A post mortem is hard to do after the scavengers arrive even when you can see the hive. I would concentrate on saving the live hives first.
Dead bees out front, nobody home, robbing most likely. That may be just a result of problem not the cause. 
Did your queens make the move alive? When did you last see brood in live hives? Beetles? Ants?
You need to know your live hives are good first. What you find there will probably tell you what happened to the deadouts.


----------



## Deuce (Oct 15, 2013)

I did an inspection on the first hive that left about a week before it decided to leave. I inspected the other about 2 days before they left. Both had plenty of brood, and queens were alive and well. a few beetles here and there but i was told thats normal, just as long as theyre not everywhere. My only suspect is the ants. but most beekeepers said the bees will run them out. My other concern is the second hive, the comb was greenish and slimy. what could that be from?


----------



## beemandan (Dec 5, 2005)

Deuce said:


> the comb was greenish and slimy. what could that be from?
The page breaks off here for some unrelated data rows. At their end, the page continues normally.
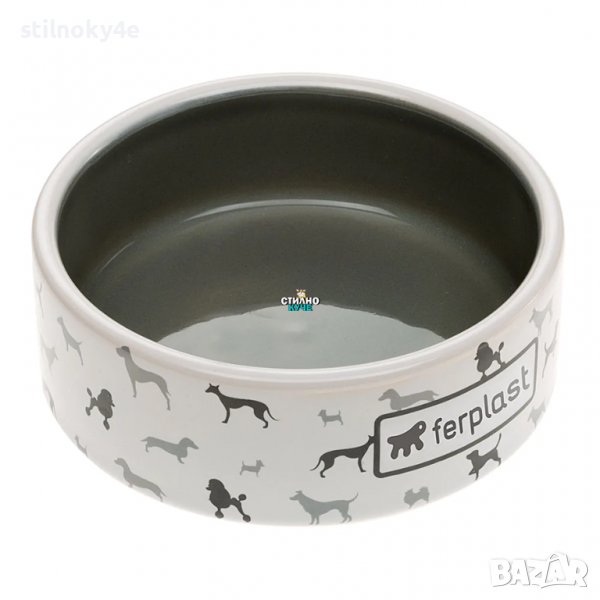 Керамична купа за храна/вода за домашен любимец Купа за куче/коте Кучешка керамични купи за храна, снимка 1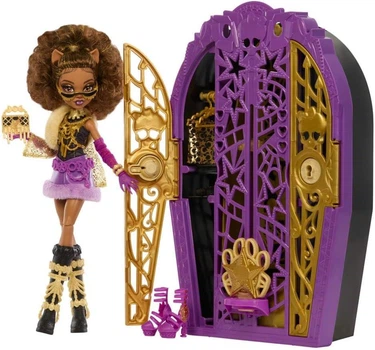 Набор-сюрприз Monster High «Ужас-секреты Клодин» серия «Тайны ужасающего» (JBG80)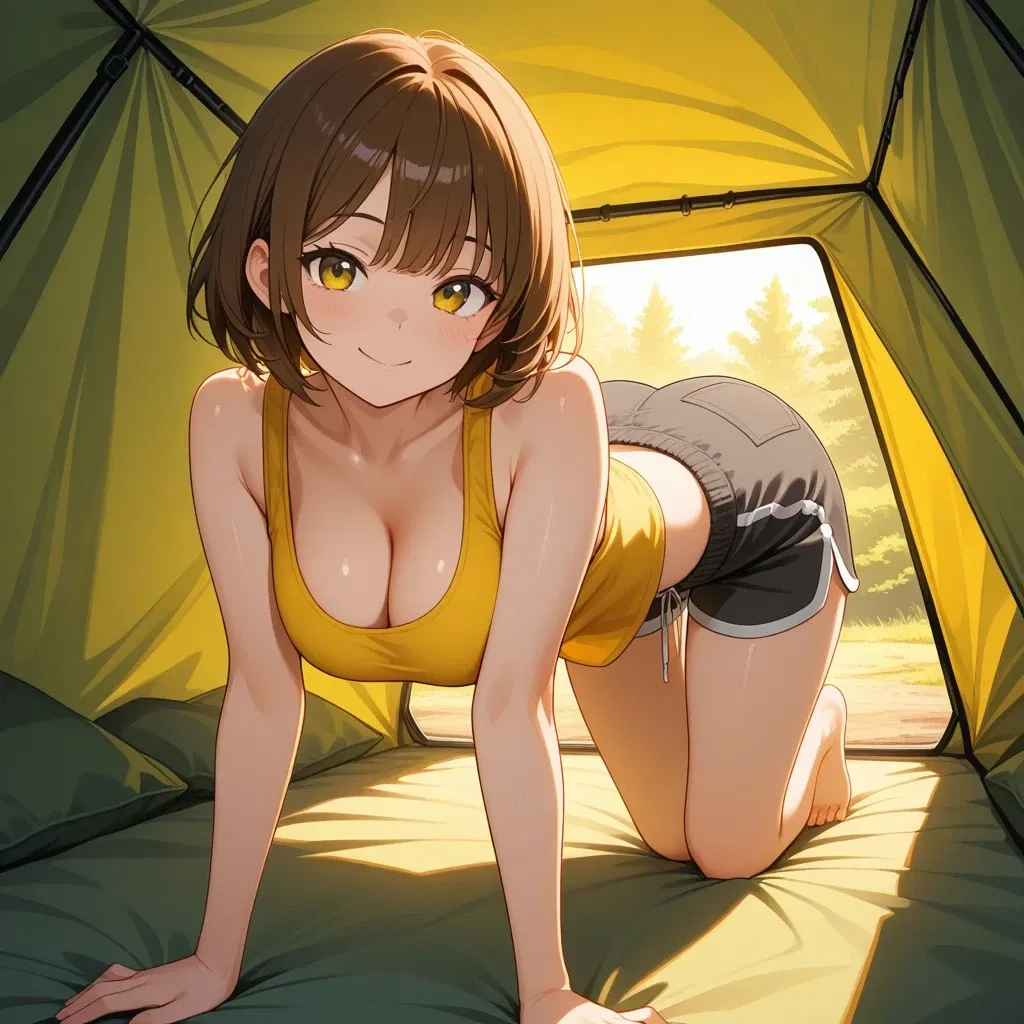 Avatar of Your Freaky Classmate crawls into your Tent in the Morning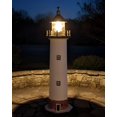 thumbnail image 2 of Pelopy - Faro giratorio con foco para faros giratorios, regalo decorativo para faros de patio, 2 of 6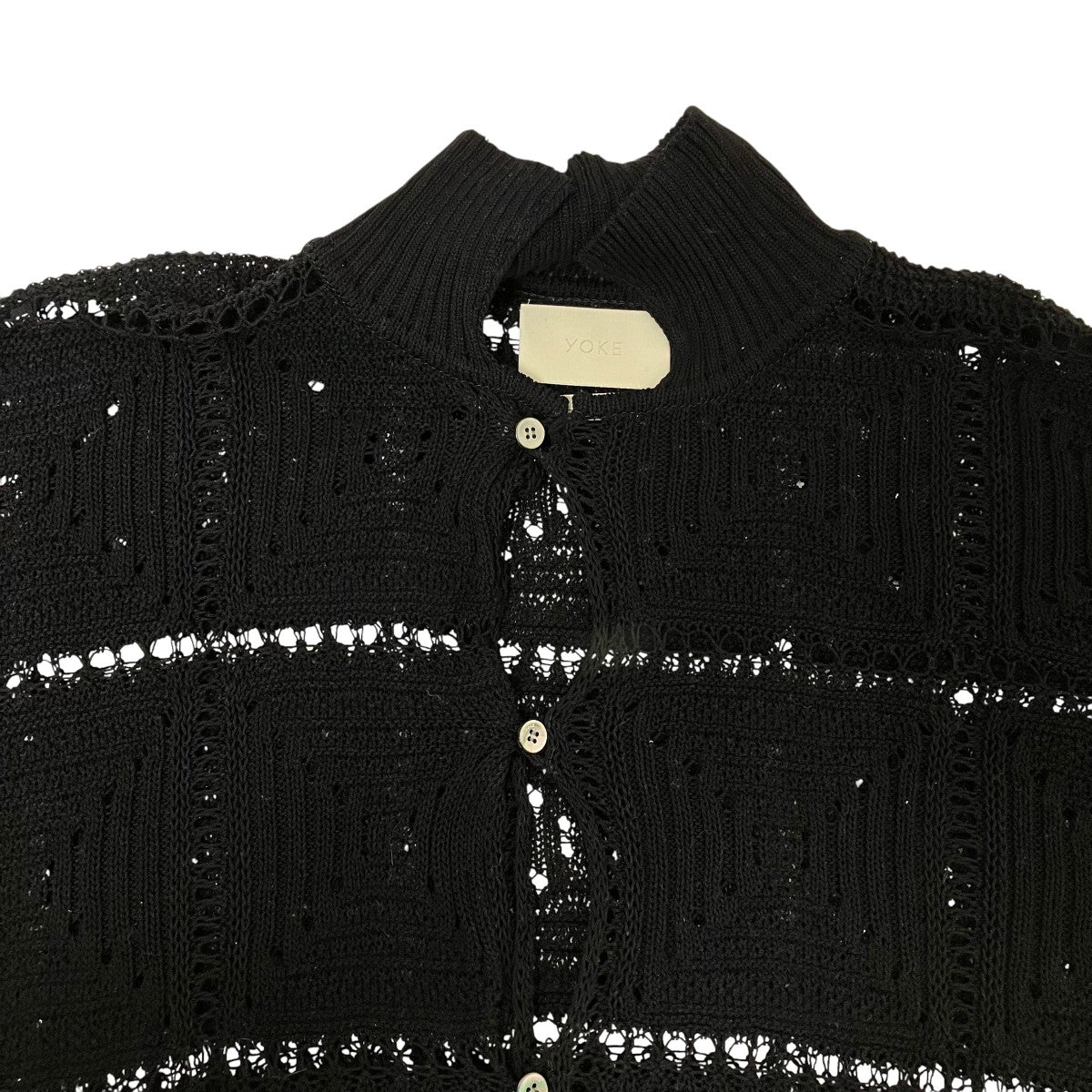 ニットポロシャツYK25SS001011S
Slimy comb = small hive beetles. It's hard to imagine that you'd ask experienced Florida beekeepers about that and get 'no explanation'.


----------



## Deuce (Oct 15, 2013)

I never got the same explanation twice. Maybe some didnt want to give the time to fully explain or truely didnt know themselves. No one said anything about the slimy comb being hive beetles. Some said it was just from the bees not tending to it.


----------



## beemandan (Dec 5, 2005)

There are surely other possibilities but in Florida, or even Georgia for that matter, shb would be the most likely cause of slimy comb, in my opinion.


----------



## Saltybee (Feb 9, 2012)

The long distance view is absconding. Bees will handle ants normally, but if bees have to battle a pest constantly and heavily they will leave.
Talk to one of your locals about how much is too much.
Your off to a good start. Everybody loses some, especially the first ones.


----------



## jimsteelejr (Sep 21, 2012)

I would also suspect small hive beetles.Normally we see no hive beetles (our hives are on concrete in the full sun) but even one or two is cause for beetle traps and a lot more frequent checks. Most of our bees are from VSH (Varroa Sensitive Hygienic) stock or are feral that we have collected. When you begin to see hive beetles in a hive that has not had them it usually indicates that something has changed. Are you on the no spray list for your local Mosquito control? Are there agricultural enterprises near by that may have affected you with overspray? Hive beetles in a strong hive are usually corralled in a corner and kept from laying eggs. When they can get to the comb and start laying it does not take long for the larvae (little white or gray worms to start burrowing through the comb. Every where they go they crap and everywhere they crap the comb begins to sour, That gross green mess is their trademark. Once you get a comb fouled like that the bees usually abscond and start over somewhere else.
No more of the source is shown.